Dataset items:
________

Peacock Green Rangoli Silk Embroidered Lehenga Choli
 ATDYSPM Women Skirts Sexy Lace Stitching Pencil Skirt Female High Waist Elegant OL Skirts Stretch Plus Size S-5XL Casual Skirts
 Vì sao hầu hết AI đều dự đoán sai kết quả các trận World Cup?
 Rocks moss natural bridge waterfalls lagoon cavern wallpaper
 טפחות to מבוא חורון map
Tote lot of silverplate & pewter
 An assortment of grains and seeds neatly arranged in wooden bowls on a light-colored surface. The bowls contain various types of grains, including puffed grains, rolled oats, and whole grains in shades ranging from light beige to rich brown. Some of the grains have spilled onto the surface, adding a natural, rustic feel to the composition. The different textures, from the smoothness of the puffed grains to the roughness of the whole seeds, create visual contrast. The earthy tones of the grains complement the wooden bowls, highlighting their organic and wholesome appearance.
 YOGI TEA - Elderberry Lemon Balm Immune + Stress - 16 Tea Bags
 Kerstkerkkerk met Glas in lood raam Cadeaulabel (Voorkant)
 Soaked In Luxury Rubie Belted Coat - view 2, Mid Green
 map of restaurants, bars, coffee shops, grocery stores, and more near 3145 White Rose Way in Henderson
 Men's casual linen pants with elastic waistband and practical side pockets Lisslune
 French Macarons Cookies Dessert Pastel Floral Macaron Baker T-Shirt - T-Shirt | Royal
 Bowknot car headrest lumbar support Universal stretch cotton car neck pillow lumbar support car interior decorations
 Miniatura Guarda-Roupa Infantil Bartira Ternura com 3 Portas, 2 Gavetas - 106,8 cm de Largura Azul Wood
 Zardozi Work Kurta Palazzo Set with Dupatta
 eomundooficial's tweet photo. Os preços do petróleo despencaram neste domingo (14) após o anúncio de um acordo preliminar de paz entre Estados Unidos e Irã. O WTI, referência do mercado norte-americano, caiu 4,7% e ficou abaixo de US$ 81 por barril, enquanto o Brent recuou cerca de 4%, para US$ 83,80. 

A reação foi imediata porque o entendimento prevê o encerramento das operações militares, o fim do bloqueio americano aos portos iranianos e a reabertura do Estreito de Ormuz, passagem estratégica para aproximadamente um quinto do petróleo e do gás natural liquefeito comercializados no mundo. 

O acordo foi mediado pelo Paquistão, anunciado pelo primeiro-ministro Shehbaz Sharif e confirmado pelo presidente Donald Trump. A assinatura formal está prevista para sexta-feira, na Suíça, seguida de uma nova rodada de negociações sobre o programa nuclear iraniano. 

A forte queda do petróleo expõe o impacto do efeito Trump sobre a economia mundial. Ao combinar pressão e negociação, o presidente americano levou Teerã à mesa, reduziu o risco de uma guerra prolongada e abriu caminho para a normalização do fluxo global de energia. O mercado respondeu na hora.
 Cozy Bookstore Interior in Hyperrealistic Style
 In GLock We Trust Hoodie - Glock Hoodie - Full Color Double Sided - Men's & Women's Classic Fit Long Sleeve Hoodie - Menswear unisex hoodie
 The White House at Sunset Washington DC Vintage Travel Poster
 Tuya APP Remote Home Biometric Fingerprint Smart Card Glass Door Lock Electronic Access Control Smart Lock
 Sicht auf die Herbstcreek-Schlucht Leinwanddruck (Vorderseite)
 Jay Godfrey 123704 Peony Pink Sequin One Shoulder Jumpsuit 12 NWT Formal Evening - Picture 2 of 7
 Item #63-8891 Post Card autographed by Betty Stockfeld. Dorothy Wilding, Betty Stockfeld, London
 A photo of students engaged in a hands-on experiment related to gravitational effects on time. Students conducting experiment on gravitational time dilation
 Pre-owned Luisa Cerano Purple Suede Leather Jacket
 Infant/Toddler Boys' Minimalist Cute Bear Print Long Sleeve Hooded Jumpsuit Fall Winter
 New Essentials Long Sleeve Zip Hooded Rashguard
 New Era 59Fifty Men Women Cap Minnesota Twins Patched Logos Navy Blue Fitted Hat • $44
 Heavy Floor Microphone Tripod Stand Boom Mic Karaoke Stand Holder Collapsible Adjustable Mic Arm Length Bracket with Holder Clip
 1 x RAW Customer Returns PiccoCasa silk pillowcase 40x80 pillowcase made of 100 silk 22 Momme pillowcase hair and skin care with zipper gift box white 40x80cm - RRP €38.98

________

Work item → Each line that includes the string "presidente" should be copied from the data.

Solution to this exercise →
O acordo foi mediado pelo Paquistão, anunciado pelo primeiro-ministro Shehbaz Sharif e confirmado pelo presidente Donald Trump. A assinatura formal está prevista para sexta-feira, na Suíça, seguida de uma nova rodada de negociações sobre o programa nuclear iraniano. 
A forte queda do petróleo expõe o impacto do efeito Trump sobre a economia mundial. Ao combinar pressão e negociação, o presidente americano levou Teerã à mesa, reduziu o risco de uma guerra prolongada e abriu caminho para a normalização do fluxo global de energia. O mercado respondeu na hora.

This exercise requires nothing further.